5. Ademhaling Tijdens de arbeid is een buikademhaling het meest aan te raden. Waarom een buikademhaling? • ontspannend effect • diafragma beweegt en oefent een alternerende druk uit op de baarmoeder (zeeanemoon) • de ademhaling gaat dieper waardoor de ademfrequentie afneemt • de hartslag van de moeder is rustiger • het is minder vermoeiend • de bekkenbodem beweegt mee met het diafragma en zal hierdoor tijdens de wee mee ontspannen • je hebt minder kans op hyperventilatie • het bevordert de doorbloeding van de buikorganen, dus ook van de baarmoeder
5. Ademhaling
5.1 Hoe gaat een buikademhaling? Bij het inademen gaat je middenrif omlaag en je buikwand omhoog, de longen worden op dat moment gevuld met zuurstof. Tijdens het uitademen blaas je op een rustig tempo je longen leeg, in één tijd of in stukjes, je middenrif en je buik ontspannen. Blijf steeds doorademen. Stoppen met ademen betekent ‘verkrampen’, je blokkeert je diafragma en hierdoor kan je de ontsluiting afremmen. 5.2 Wat is hyperventilatie? ‘Hyper’ betekent teveel, ‘ventileren’ is uitademen. Wanneer je teveel uitademt is er te weinig koolstofdioxide in je bloed hierdoor kan je duizelig worden en tintelingen krijgen, meestal ontstaat er dan paniek. Mocht dit toch gebeuren, adem dan je uitgeademde lucht terug in via gesloten handen -gevouwen over je mond- of een plastiek zakje. 5.3 Wanneer moeten we puffen? Puffen, hijgen of korter en oppervlakkiger ademen doen we enkel om vroegtijdige persdrang te onderdrukken. Een rustig tempo geniet echter steeds de voorkeur. Je ademhaling zit dan hoger, meer ter hoogte van je borstkas, we spreken van een borstademhaling. Het is aangeraden om de armen opwaarts te brengen zo gaat het diafragma hoger staan en minder druk uitoefenen op de baarmoeder. Je mag je adem niet vastzetten anders is de kans groot dat je gaat meepersen. Adem zoals je een spiegel laat aandampen, ha…ha…ha…ha…, en denk aan de metronoom (in/uit).

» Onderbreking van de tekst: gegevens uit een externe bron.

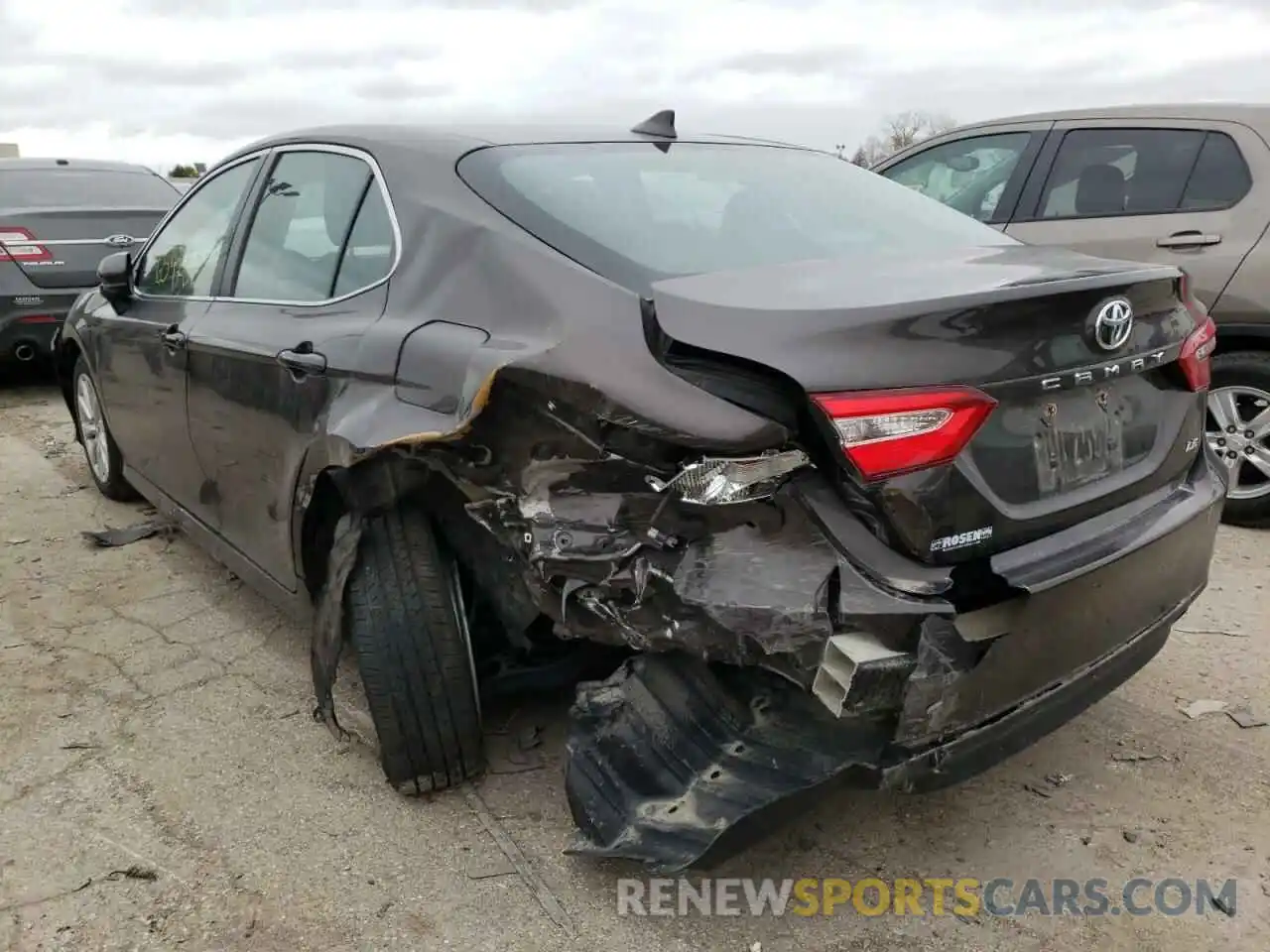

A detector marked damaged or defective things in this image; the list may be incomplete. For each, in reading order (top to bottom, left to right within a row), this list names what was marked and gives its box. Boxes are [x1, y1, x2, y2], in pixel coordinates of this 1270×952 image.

broken tail light [0, 228, 53, 262]
cracked pavement [2, 375, 1270, 948]
damaged toyota camry [55, 109, 1222, 869]
crumpled bumper [560, 460, 1222, 869]
broken tail light [814, 385, 1000, 480]
broken tail light [1175, 274, 1214, 393] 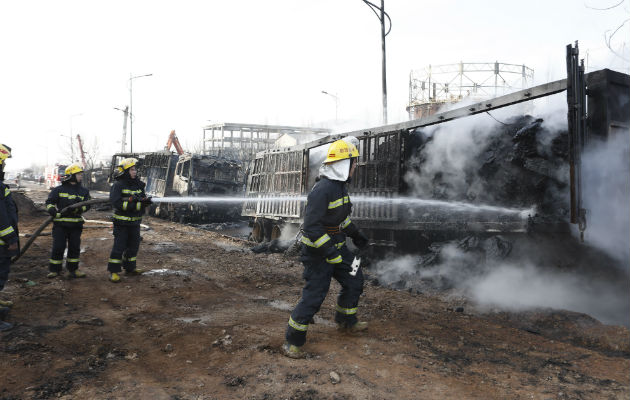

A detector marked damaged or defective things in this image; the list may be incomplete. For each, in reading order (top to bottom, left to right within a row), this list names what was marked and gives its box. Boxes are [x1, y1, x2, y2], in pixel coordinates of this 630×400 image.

charred truck trailer [108, 152, 242, 223]
burned truck [108, 152, 242, 223]
charred truck trailer [241, 49, 628, 247]
burned truck [244, 47, 630, 250] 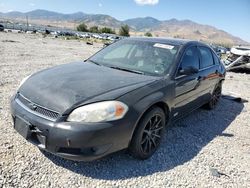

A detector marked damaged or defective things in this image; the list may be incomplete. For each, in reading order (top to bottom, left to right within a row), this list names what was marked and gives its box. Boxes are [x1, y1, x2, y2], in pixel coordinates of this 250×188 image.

damaged front hood [19, 62, 156, 114] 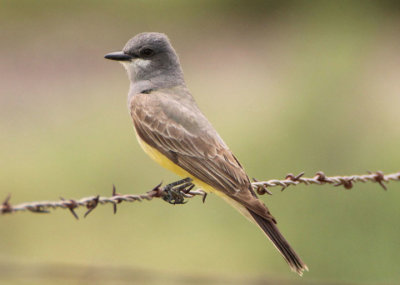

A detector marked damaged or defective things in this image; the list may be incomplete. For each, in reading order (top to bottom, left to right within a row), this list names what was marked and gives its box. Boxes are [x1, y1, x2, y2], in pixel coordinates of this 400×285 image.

rusty wire [1, 170, 398, 216] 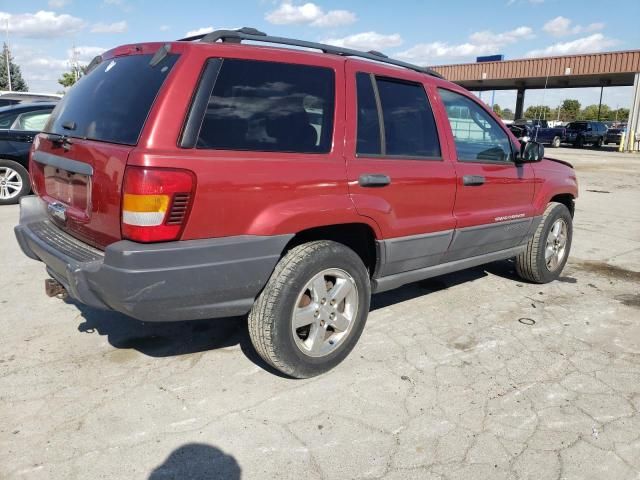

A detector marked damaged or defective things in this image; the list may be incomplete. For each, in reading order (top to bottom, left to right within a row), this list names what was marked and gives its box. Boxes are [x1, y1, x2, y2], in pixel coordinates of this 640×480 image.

cracked asphalt pavement [1, 148, 640, 478] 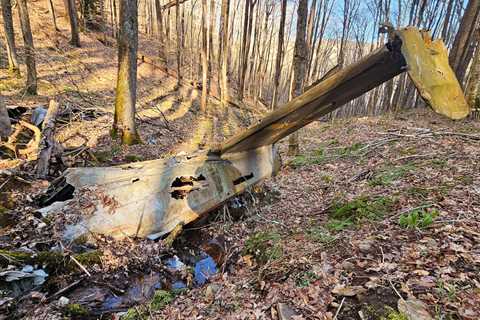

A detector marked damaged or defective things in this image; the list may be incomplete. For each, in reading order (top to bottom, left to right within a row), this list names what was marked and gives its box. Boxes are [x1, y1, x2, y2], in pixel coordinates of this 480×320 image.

broken aircraft panel [41, 27, 468, 240] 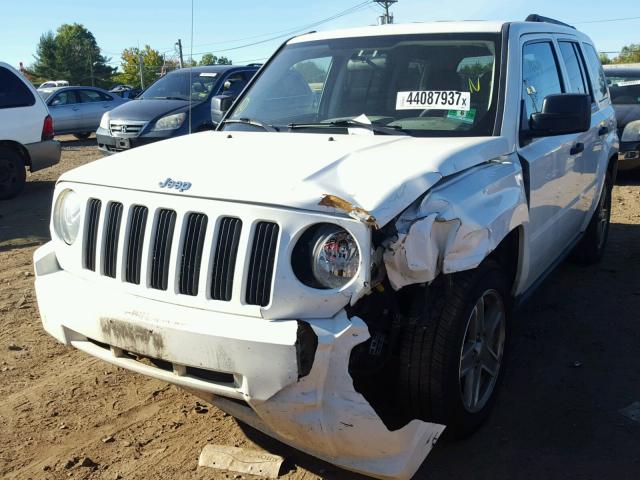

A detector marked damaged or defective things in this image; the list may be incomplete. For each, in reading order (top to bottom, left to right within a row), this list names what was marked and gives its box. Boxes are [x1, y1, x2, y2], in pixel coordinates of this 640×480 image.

crushed fender [318, 193, 378, 229]
broken headlight [294, 224, 360, 288]
crumpled front bumper [35, 244, 444, 480] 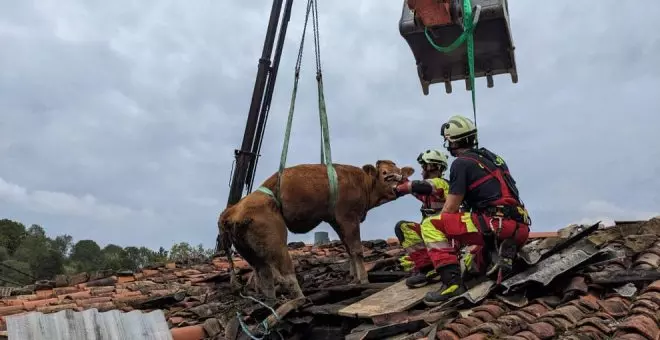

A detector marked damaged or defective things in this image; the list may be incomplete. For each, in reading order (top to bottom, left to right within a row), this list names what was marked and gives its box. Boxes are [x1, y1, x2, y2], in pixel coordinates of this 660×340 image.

broken roof [0, 218, 656, 340] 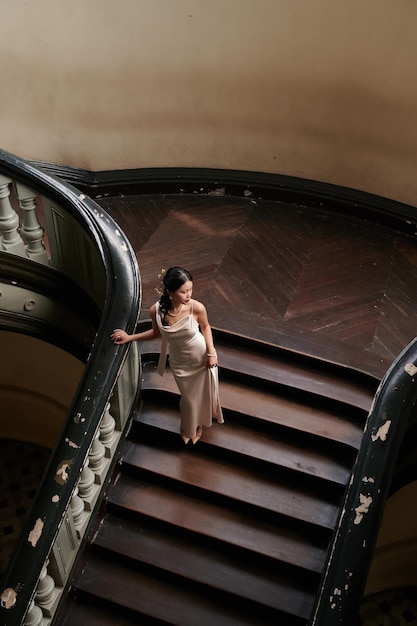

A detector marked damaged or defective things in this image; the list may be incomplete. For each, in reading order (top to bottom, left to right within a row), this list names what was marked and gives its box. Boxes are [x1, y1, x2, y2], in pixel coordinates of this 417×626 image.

peeling paint [370, 416, 390, 442]
peeling paint [54, 456, 72, 486]
peeling paint [352, 492, 372, 520]
peeling paint [28, 516, 44, 544]
peeling paint [0, 588, 16, 608] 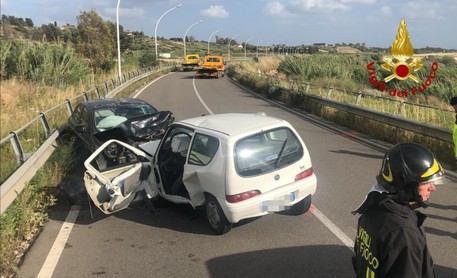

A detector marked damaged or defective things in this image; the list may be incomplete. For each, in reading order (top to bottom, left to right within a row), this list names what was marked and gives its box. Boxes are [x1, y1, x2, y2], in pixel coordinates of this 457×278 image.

dark damaged car [66, 99, 175, 153]
white damaged car [83, 113, 318, 235] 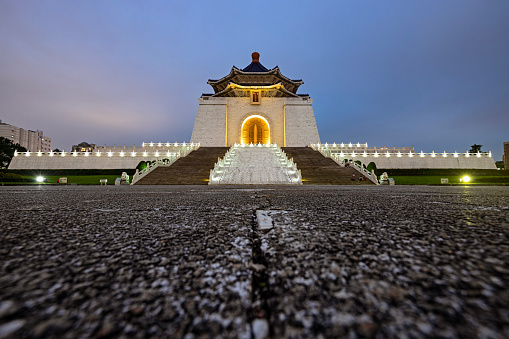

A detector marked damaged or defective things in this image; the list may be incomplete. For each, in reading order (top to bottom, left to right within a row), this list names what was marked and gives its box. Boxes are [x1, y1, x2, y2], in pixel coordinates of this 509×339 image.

pavement crack [247, 210, 272, 339] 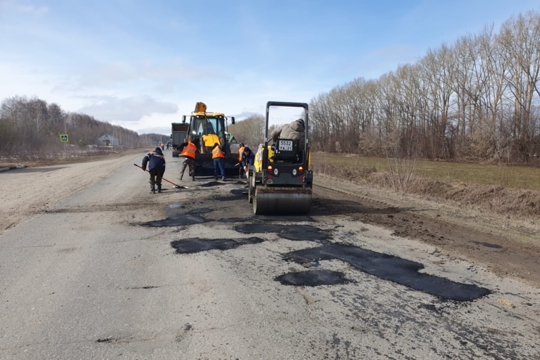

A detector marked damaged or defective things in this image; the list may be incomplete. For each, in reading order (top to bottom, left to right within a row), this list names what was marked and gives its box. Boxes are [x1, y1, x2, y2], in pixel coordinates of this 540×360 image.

black asphalt patch [233, 224, 330, 243]
black asphalt patch [172, 236, 264, 253]
damaged road surface [1, 155, 540, 360]
black asphalt patch [274, 270, 350, 286]
black asphalt patch [284, 245, 492, 300] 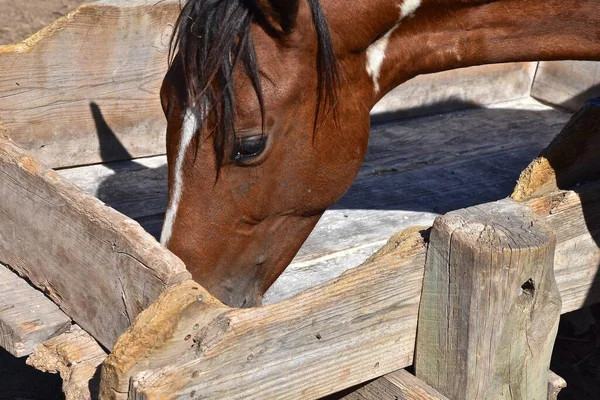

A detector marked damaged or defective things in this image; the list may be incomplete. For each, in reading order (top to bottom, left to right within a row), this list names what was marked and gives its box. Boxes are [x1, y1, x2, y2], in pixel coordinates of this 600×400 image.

splintered wood [0, 266, 71, 356]
splintered wood [414, 198, 560, 398]
splintered wood [27, 324, 106, 400] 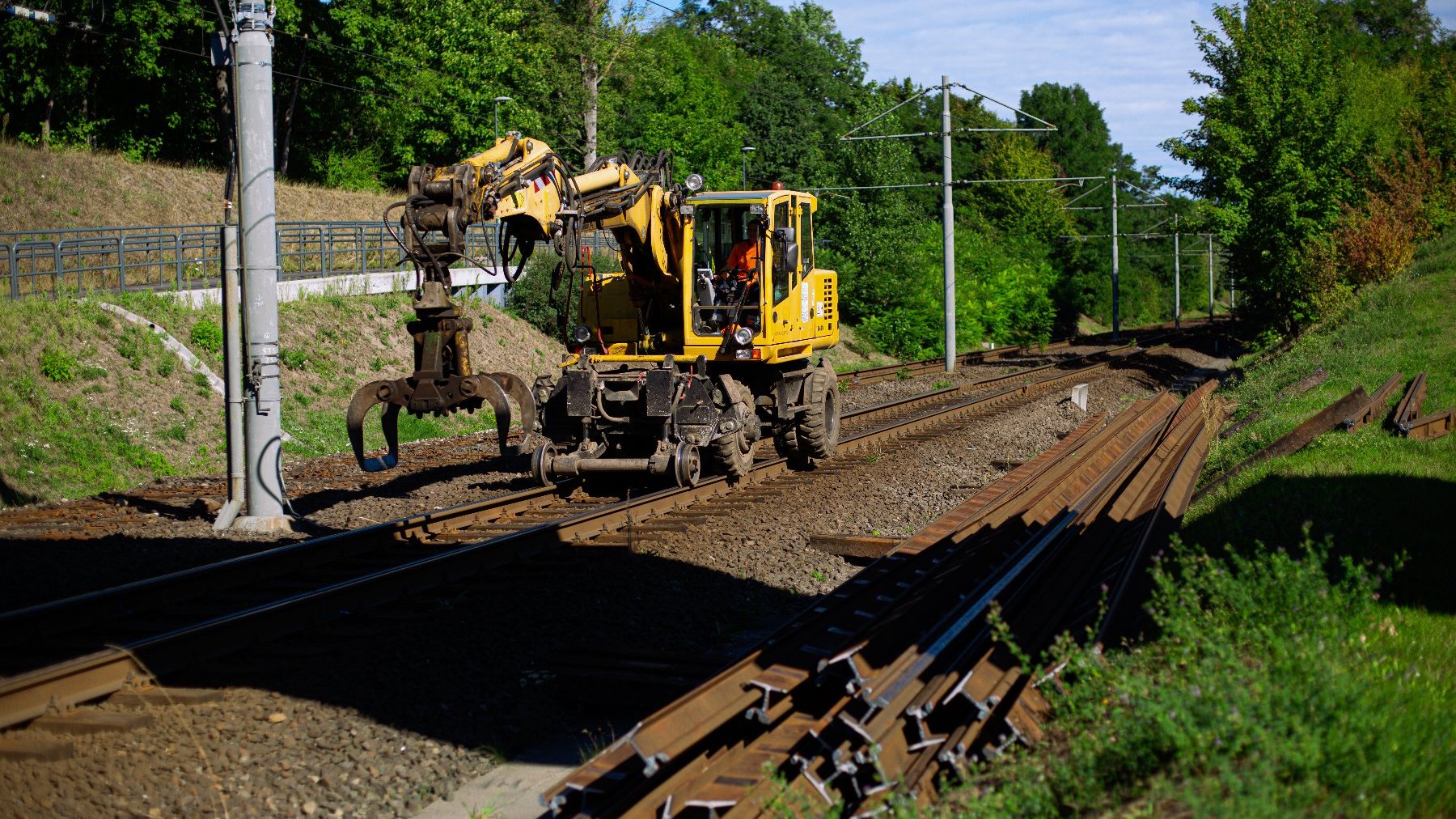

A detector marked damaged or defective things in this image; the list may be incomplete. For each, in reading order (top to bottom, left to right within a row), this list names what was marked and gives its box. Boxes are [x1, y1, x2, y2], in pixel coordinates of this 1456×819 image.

rusty rail segment [0, 340, 1184, 728]
rusty rail segment [540, 380, 1223, 816] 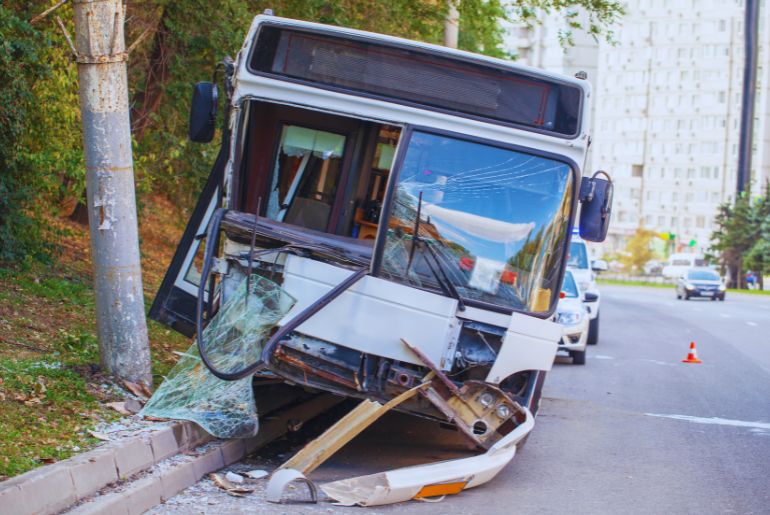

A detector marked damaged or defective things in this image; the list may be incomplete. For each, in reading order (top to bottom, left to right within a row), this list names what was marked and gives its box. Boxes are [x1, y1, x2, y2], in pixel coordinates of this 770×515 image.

broken vehicle debris [144, 12, 612, 508]
crashed white bus [144, 13, 612, 508]
overturned bus [144, 13, 612, 508]
shattered windshield [378, 132, 568, 314] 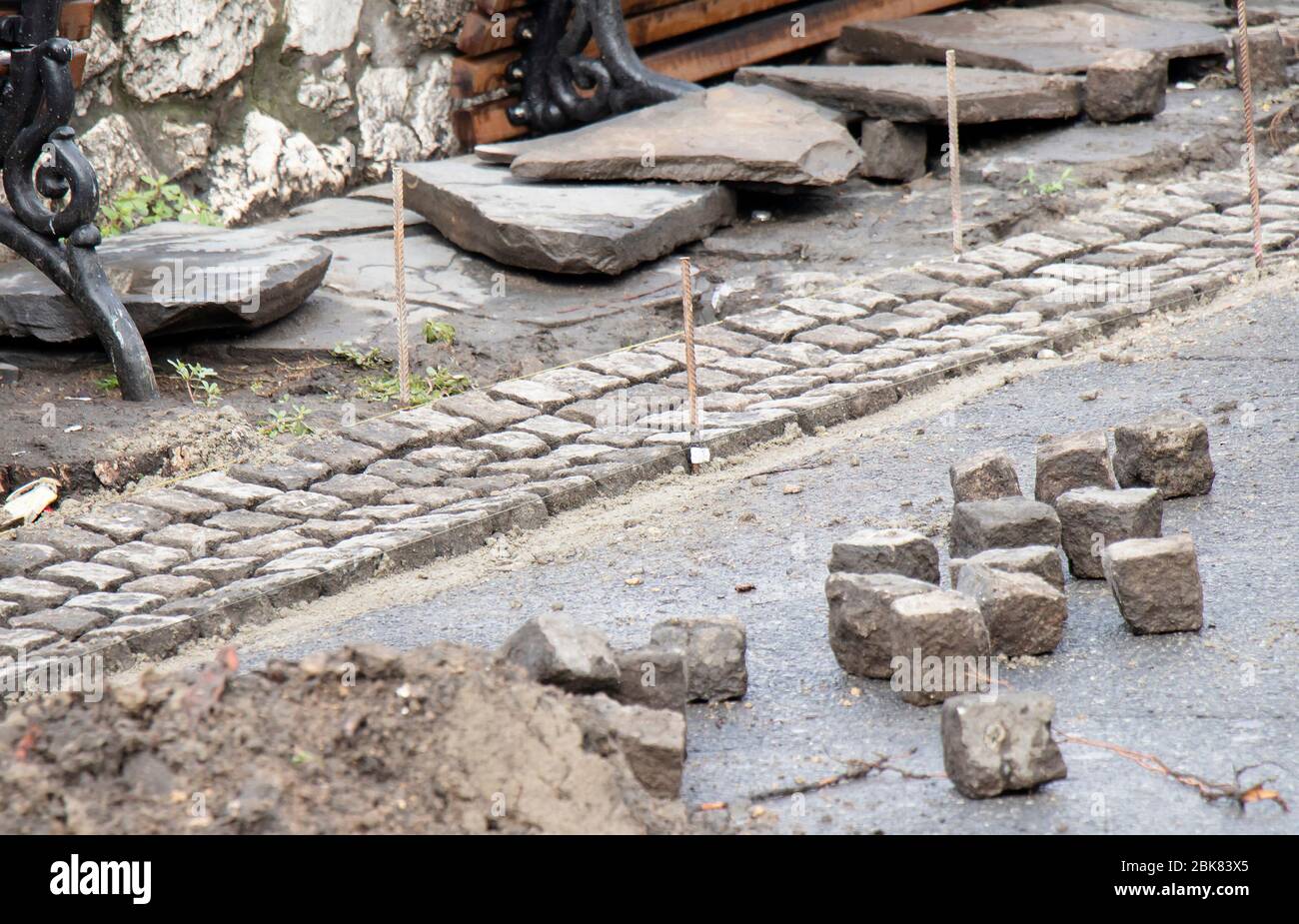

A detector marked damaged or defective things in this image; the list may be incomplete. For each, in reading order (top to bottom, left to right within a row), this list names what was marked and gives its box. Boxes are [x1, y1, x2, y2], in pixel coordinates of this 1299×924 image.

rusty wooden plank [644, 0, 960, 81]
cracked asphalt [167, 278, 1293, 835]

5.4 Hoe moeten we ademen tijdens het persen? Ook nu gaan we gebruik maken van het diafragma. Je ademt eerst in (liefst door de neus), je ribben gaan nu open, je verplaatst nu de lucht door je middenrif naar beneden te duwen. Span je buikspieren aan van boven naar beneden en druk richting vagina. Je ogen, mond, schouder- en nekspieren zijn ontspannen. Span je brede rugspieren op en hou je adem vast. Adem hierna rustig uit en probeer je druk nog even aan te houden. Herhaal dit zolang de perswee duurt. Meestal pers je een drietal keer mee in één perswee.
5.5 Wat moeten we onthouden in verband met de ademhaling?
- rustig uitademen, indien nodig in stukjes (pff, pff, pff, pffffffffffffffff); - uitademen is minstens even belangrijk dan inademen; - altijd blijven doorademen, nooit blokkeren, best een buikademhaling; - bewegen tijdens het ademen, dit vergemakkelijkt het ademen; - vroegtijdige persdrang onderdrukken met een korte borstademhaling, ha…ha…ha…ha…; - tijdens de uitdrijving een buikademhaling.
6. Pijnbestrijding
6.1 Ademhalingsoefeningen Tijdens de wee gaat de vroedvrouw je helpen om op je ademhaling te letten, zo kan je de wee wegblazen. Dit zorgt ervoor dat je niet zo snel in paniek geraakt. Veel zwangere vrouwen hebben hier heel wat baat bij (zie punt 5. Ademhaling).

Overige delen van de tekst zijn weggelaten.